Requirement »
Only one stretch of the material below is wanted: everything from the line containing "25 Osborne Street, Red Deer, AB - Indoor" down to the line containing "Peugeot Boxer 2.2HDI", both ends included. Repeat it exactly and skip the pictures.

Dataset below:

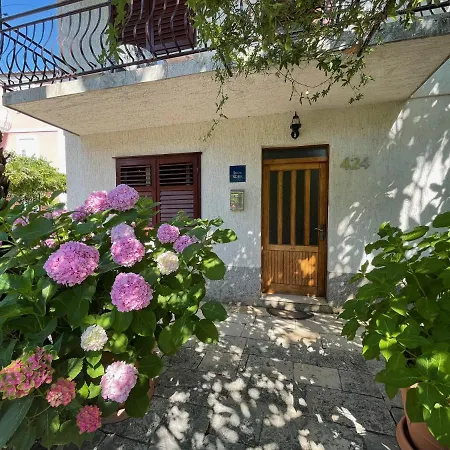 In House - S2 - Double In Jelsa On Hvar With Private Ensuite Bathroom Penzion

End of Dataset.
Dataset below:

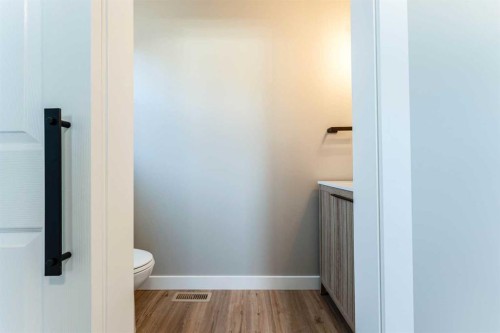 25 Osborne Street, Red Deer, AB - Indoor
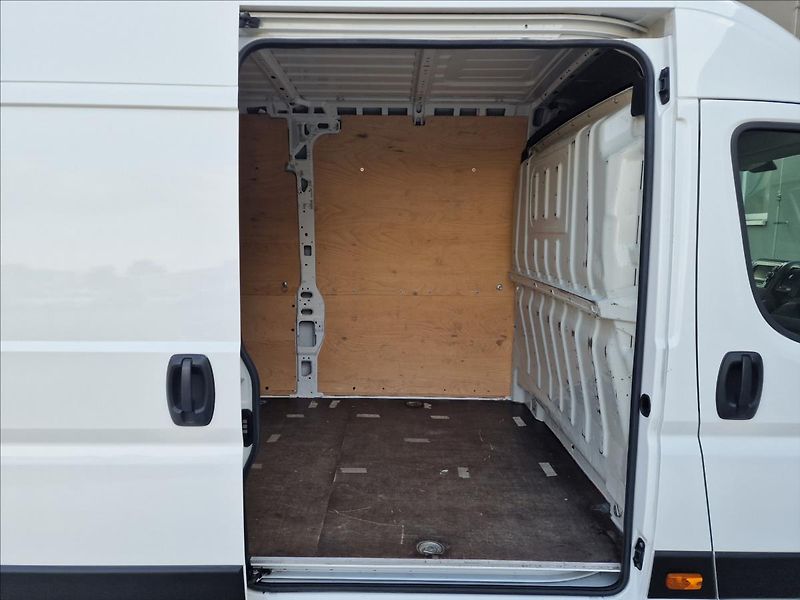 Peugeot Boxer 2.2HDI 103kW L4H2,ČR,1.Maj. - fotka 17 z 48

End of Dataset.

Task solution »
 25 Osborne Street, Red Deer, AB - Indoor
 Peugeot Boxer 2.2HDI 103kW L4H2,ČR,1.Maj. - fotka 17 z 48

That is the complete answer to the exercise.